Until February 2011, Mike Yeadon was vice-president and CSO, in charge of allergy and respiratory research at Pfizer in Sandwich, UK. He was 50, had been at Pfizer for 16 years and spent his whole career in big pharma.
Dr Yeadon was happy, productive and comfortable "in the furlined rut of a big pharma job", but after some years of R&D layoffs in the industry, he knew it was "foolish to assume that this was never going to happen to me", and had been preparing for that eventuality.
Unwilling to "hop around the world every 18 months, getting fired sequentially", he decided to "extend [him]self into new opportunities and get good at another set of adjacent and transferrable skills".
In practice, this meant speaking to "probably several hundred people over the previous 2-3 years, just asking them open questions about what they were doing and how they got there". In considering what he could do, he came up with three possibilities: consulting, starting his own life sciences business and setting up a hobby-based business.
In practice, he has done all three, most recently announcing the $27 million funding of his start-up Ziarco, which is based on assets he worked on at Pfizer and subsequently licensed.
For Dr Yeadon, the Sandwich closure announcement was disappointing but not surprising. "I had probably 12 hours of shock then I was up and running doing my plan," he says. This is not a man who wanted to leave his job, and he admits he missed the "friends, colleagues, access to resources – it's nice to have a warm place to work instead of working from your house, a certain rhythm and comfortable predictability of the work cycle". He also loved running the project and portfolio he had at Pfizer ("it was almost my life"). "But if you asked, 'would I put Humpty Dumpty back on the wall?' I'd say not a chance! I love this 10 times more than what I was doing in 2010."
He is glad to be free of the long chains of approval that slow processes up in a large organisation ("It's not a Pfizer thing, it's a big company thing," he observes. "I had grown to the point in my life when I was just impatient with that.").

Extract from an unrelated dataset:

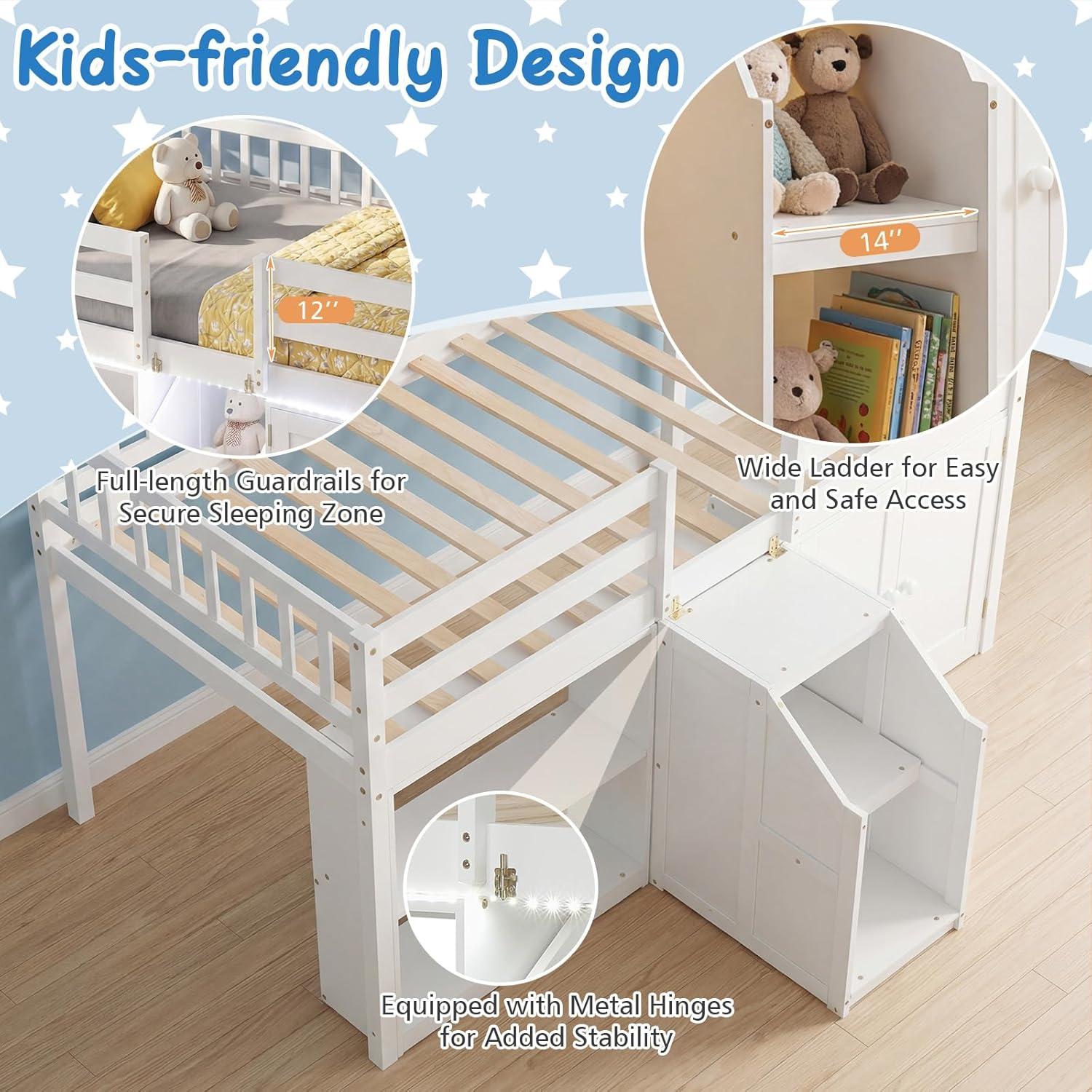 image:imageGiantex Low Loft Bed Twin Size with LED Lights Wooden Bed Frame wStairs Safety Guardrails Storage Cabinet Bookshelf amp UnderBed Play Space Modern Kids Loft Bed for Boys Girls Mint GreenWhite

He was also surprised while consulting and fundraising to find that he didn't miss his salary. By relying on the financial cushion he'd been able to build over his career, and with his redundancy pay-out and consulting work, as well as cutting some of his costs, he and his wife, the parents of two teenagers, found that "no one was suffering, the lights weren't off and everyone was being fed".
Perhaps his resilience stems from his prior decision to "future-proof" himself. In his view: "It's not a sign of disloyalty or lack of commitment to prepare yourself for the future. It signals taking adult responsibility for yourself to at least toy with what might be the unpalatable and turn it into something fantastic."
For others facing similar situations, he advises "having at least a second strand to your life that gives you a degree of resilience in the event of a decision made by others". By preparing the ground in advance, maintaining good relations with Pfizer (it's an investor in his new company) and ensuring that he was making the most of the network he continued to build to synergistically build both his consulting work and seek financing for his new company, Dr Yeadon has created and exploited opportunities that have enabled him to make the most of a potentially catastrophic upheaval and move forward in his career in biomedicine despite the great uncertainties in the sector.